Na świętokrzyskie pola cyklicznie wkracza susza. Konieczne są inwestycje w nawadnianie upraw. Świętokrzyska Izba Rolnicza wystąpiła z wnioskiem do Ministerstwa Rolnictwa i Rozwoju Wsi o działanie.
Podczas IV posiedzenia Krajowej Rady Izb Rolniczych VII kadencji, która odbyła się w Warszawie Świętokrzyska Izba Rolnicza zwróciła się do ministra Czesława Siekierskiego z wnioskiem o uruchomienie naboru w ramach działania inwestycyjnego w obszarze nawadniania w gospodarstwie rolnym przez Agencję Restrukturyzacji i Modernizacji Rolnictwa
– Podczas spotkania w Warszawie zaproponowaliśmy działanie, które polegać może na uznaniu za koszty kwalifikowane między innymi działań związanych z małą retencją, budową zbiorników retencyjnych, studni oraz wszystkich innych urządzeń spiętrzających wodę – powiedział Mirosław Fucia, prezes Świętokrzyskiej Izby Rolniczej w Kielcach.
Jak dodał prezes Fucia, susza rolnicza to jedno z olbrzymich problemów świętokrzyskiego rolnictwa.
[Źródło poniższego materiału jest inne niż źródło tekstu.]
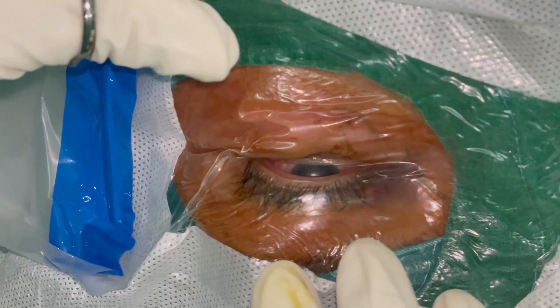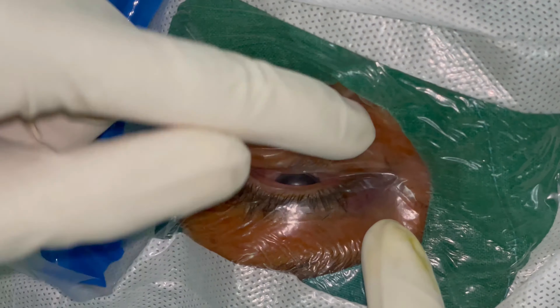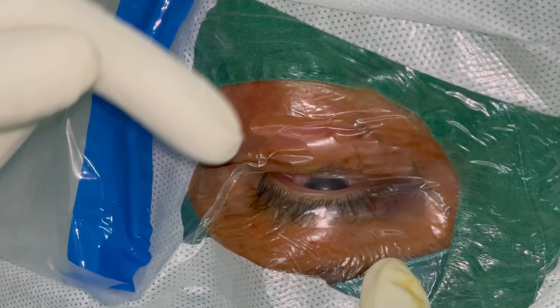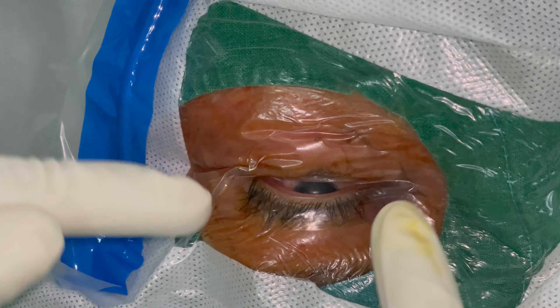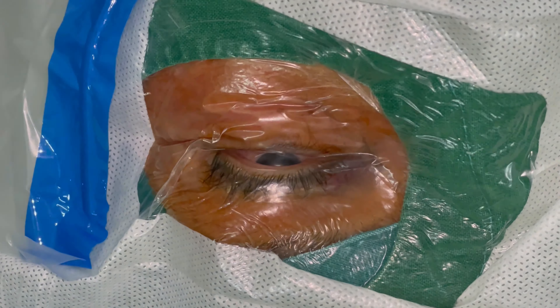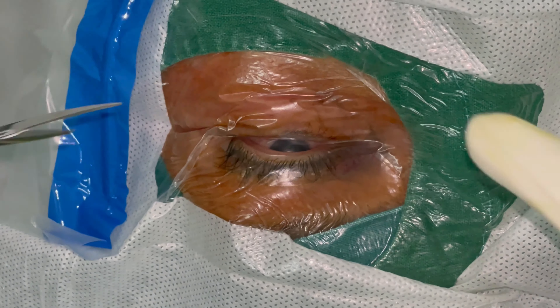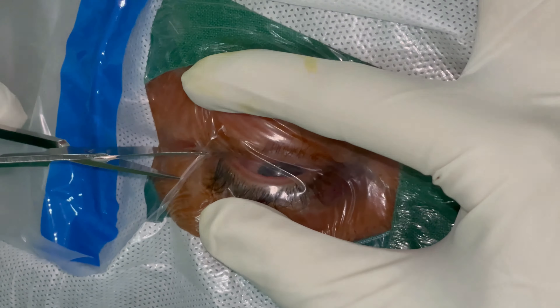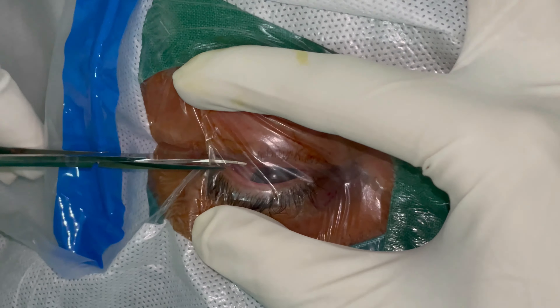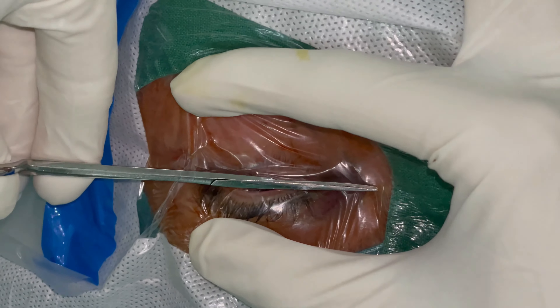A well-adhered drape would actually appear like this — there are no pockets of any area where the drape is not perfectly stuck onto the patient's skin. This clearly and completely segregates the patient's eye from the rest of the face. We then proceed with opening up the drape by cutting it down its middle all the way in the exposed part of the eye.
– Powraca cyklicznie i powoduje olbrzymie straty w naszych uprawach rolniczych, w ten sposób negatywnie wpływając na gospodarkę rolną nie tylko w regionie, ale i w całej Polsce.
Zdaniem naszych rolników, uruchomienie programu, który zmodernizowałby systemy nawadniania w gospodarstwach rolnych to absolutnie konieczny krok w walce z suszą i niedoborem wody.